Worth trying are their Sheng jian baos. They have them with 1) shrimp and pork and 2) pork only. Both are delicious with sweet gravy from the fillings.

The other fried and steam dumplings are quite average. The xiao long bao skin is thicker and hardens easily as they cool. The fried egg rice is also on the drier side and lacks moist and flavor.

It’s our first time trying 生煎包, which is also referred to by some as the ‘fried and crispy 小笼包’.

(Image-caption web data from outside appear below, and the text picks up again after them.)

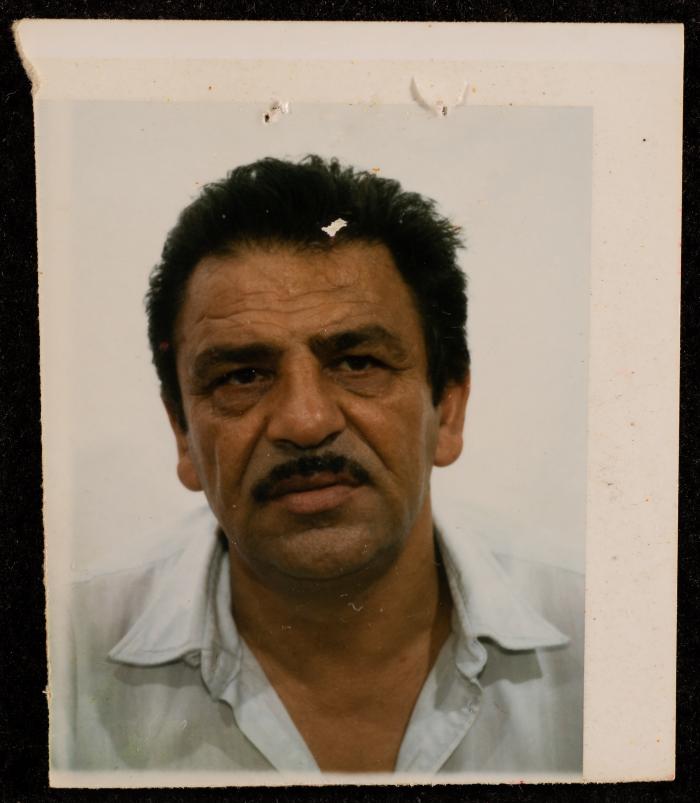 صورة شخصية لكايد الياموني، 1970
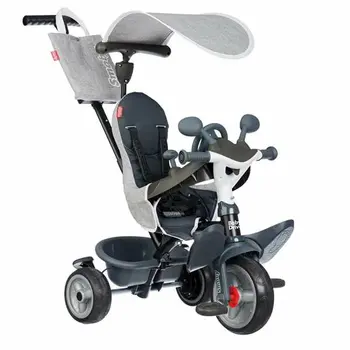 Tricycle Smoby Metallic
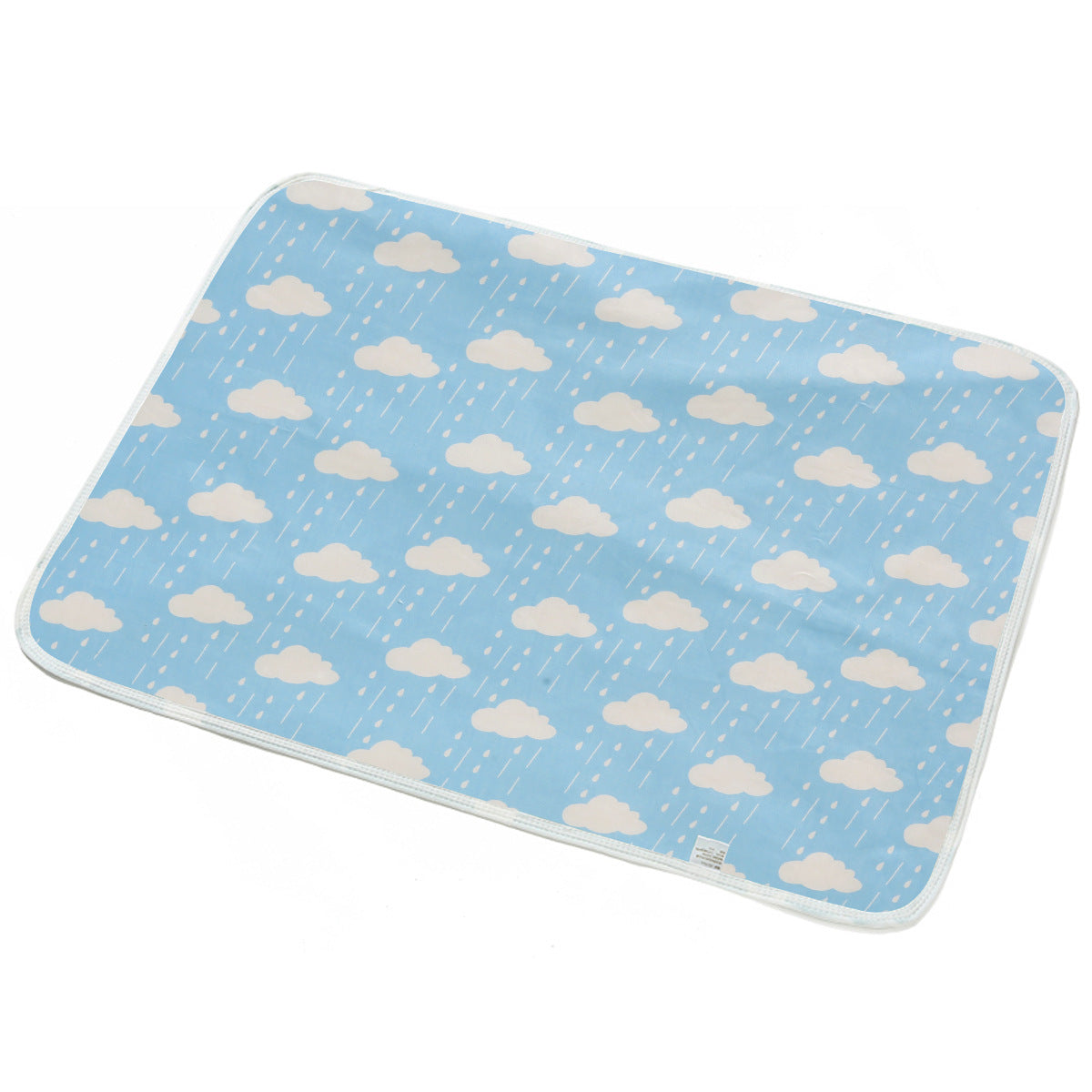 Cartoon Cotton Baby Changing Pad | Breathable, Waterproof & Comfortable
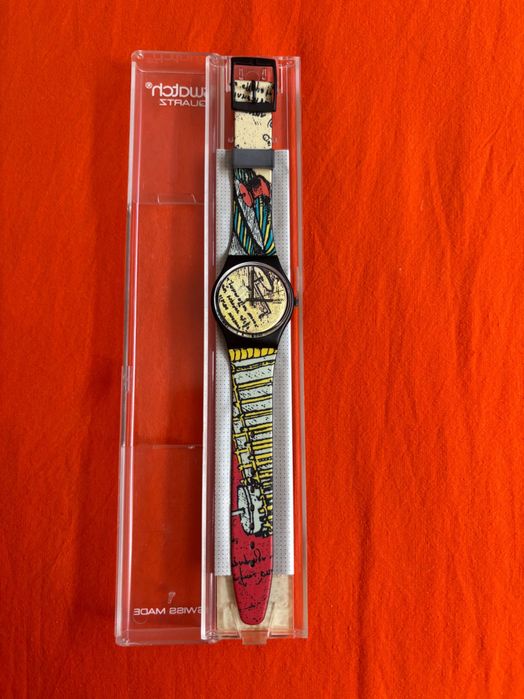 Swatch Gent Engineer GB139
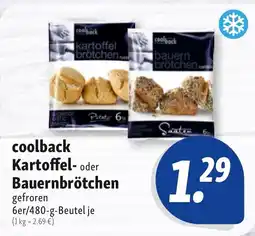 Nah & Frisch coolback Kartoffel- oder Bauernbrötchen Angebot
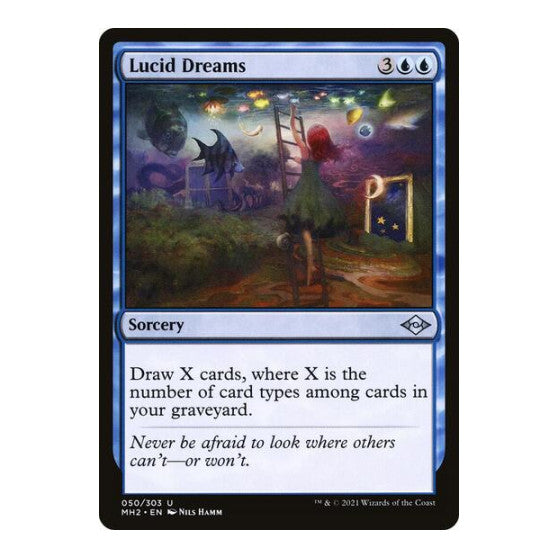 Lucid Dreams Modern Horizons 2 (MH2) - (, Near Mint)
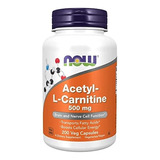 Acetil L-carnitina 500mg X 200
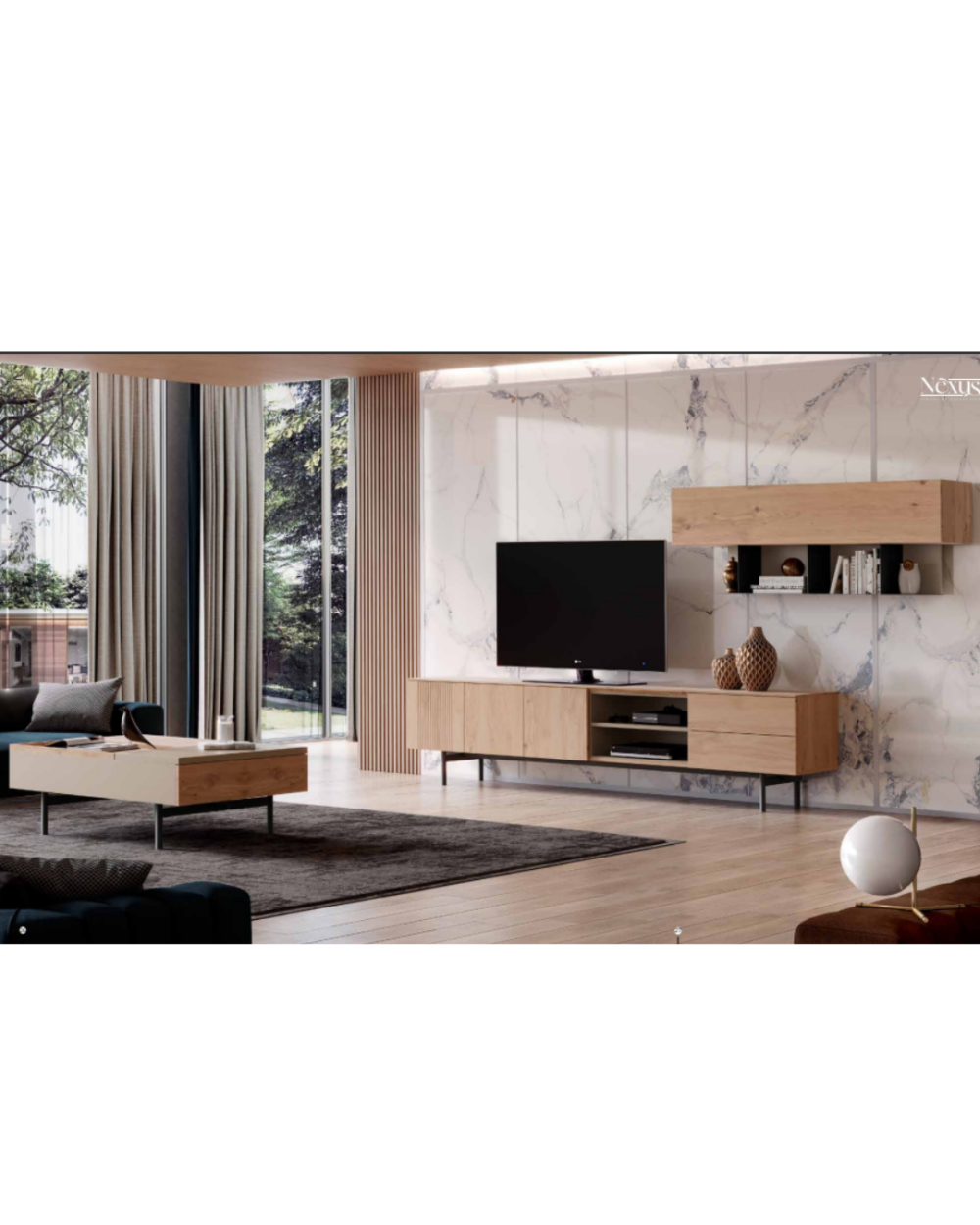 Composición Mueble TV Creta 1 - Imagen 3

Take note to bite into it slowly and enjoy the hot flavourful broth oozing out from the inside. The twisted top of the bao is pan-fried to golden brown, tasting deliciously crispy in contrast to the soft minced pork meat filling! We love such simple Chinese food and this item is something we would reorder the next time we revisit.

1 Like

The hallmarks of a good sheng jian bao, to me, is a soft, fluffy, relatively thin and slightly elastic wrapper with a beautifully golden and crunchy bottom + characteristically xlb-like juices bursting right out on the first bite. I’ve heard a lot about Ding Tele’s sheng jian baos so I was super excited to try em — especially since I wasn’t gonna get my fix overseas anytime soon. They were indeed tasty and really not too shabby, buuuuut I was a wee disappointed tbh. Don’t get me wrong: super tasty mince they nailed; crisp pan-fried bottoms a big thumbs up; shiok bursting juices also a yay. What I found lacking was their technique in sealing the little baos. See that disproportionate amount of dough at the base? If you zoom in you’d notice that the mass of dough’s quite dry in the middle, while the rest of the bao dough’s rather silky smooth and hydrated.